«Solo una persona non sana di mente o in sogno può immaginare che la Russia possa un giorno attaccare la Nato». Il presidente russo Vladimir Putin, in un’intervista rilasciata sabato 6 giugno al Corriere della Sera, ha voluto sgombrare il campo da ogni dubbio circa un possibile attacco militare russo all’Occidente. Un gesto di distensione che non è bastato però a rasserenare i rapporti con gli Stati Uniti, che rimangono molto tesi.
Lo testimoniano le dichiarazioni bellicose che il presidente americano Barack Obama ha rilasciato nella conferenza stampa di chiusura del G7, riunito lunedì 8 giugno a Garmisch, in Germania. «Putin sta portando il suo Paese alla rovina nello sforzo di ricreare i fasti dell’impero sovietico», ha affermato Obama, riferendosi alle sanzioni commerciali decise il 17 marzo 2014 che hanno arrestato lo sviluppo economico della Russia. Sanzioni che il presidente americano minaccia di inasprire, trovando il consenso degli alleati europei, a partire dalla Germania e dalla cancelliera Angela Merkel.
A tenere banco, ancora una volta, è la questione ucraina. Secondo Stati Uniti e Germania, la Russia non rispetterebbe gli accordi di Minsk, firmati nel settembre 2014 tra Putin e il governo ucraino per porre fine alle ostilità in Crimea e nelle neonate repubbliche di Donetsk e Lugansk. Da ciò derivano le sanzioni che rimarranno – e che l’Occidente potrebbe addirittura intensificare – fino a quando non ci sarà una piena applicazione del protocollo sottoscritto l’anno scorso nella capitale bielorussa.

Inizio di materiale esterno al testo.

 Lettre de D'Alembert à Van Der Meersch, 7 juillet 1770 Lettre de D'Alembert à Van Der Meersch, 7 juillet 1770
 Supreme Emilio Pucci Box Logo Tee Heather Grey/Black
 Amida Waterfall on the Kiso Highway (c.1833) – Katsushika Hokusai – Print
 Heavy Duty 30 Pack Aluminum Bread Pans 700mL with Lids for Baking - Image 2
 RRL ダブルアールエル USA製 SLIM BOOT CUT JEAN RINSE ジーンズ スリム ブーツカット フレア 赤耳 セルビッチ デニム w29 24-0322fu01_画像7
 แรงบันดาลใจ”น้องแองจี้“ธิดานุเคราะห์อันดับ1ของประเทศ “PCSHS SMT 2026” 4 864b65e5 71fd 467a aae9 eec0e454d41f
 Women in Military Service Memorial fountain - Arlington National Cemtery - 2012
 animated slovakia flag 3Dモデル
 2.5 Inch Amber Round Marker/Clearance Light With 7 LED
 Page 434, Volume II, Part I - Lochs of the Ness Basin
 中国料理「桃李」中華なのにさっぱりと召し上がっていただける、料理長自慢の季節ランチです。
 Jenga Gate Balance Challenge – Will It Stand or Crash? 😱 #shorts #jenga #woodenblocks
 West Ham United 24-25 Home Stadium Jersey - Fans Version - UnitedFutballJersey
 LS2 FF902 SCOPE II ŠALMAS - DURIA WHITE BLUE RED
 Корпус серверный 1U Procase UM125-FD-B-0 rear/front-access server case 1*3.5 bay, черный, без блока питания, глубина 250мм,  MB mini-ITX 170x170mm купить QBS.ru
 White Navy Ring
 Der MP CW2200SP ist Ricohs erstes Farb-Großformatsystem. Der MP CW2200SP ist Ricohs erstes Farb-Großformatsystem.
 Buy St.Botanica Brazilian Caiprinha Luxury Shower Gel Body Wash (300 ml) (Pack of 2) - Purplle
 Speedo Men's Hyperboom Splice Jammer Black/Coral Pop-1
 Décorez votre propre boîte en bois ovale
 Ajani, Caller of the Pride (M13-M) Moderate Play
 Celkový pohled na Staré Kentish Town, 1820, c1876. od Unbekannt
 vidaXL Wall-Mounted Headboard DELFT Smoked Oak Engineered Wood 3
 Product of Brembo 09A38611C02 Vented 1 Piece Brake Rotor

Se in politica estera Vladimir Putin sta incontrando delle difficoltà, anche la situazione politica ed economica russa non è delle migliori. Le sanzioni erogate l’anno scorso dal G7 si vanno ad aggiungere alla crisi del rublo, profondamente svalutato rispetto a un anno fa e trascinato verso il basso dalla riduzione del prezzo del petrolio e degli idrocarburi. Su tutti il gas, di cui la Russia è tra i maggiori esportatori a livello mondiale. A ciò si aggiunge una fuga di capitali verso l’estero stimata in oltre 100 miliardi di euro: un fattore di ulteriore svalutazione della moneta nazionale, con l’inflazione che ha raggiunto il 15 per cento su base annua.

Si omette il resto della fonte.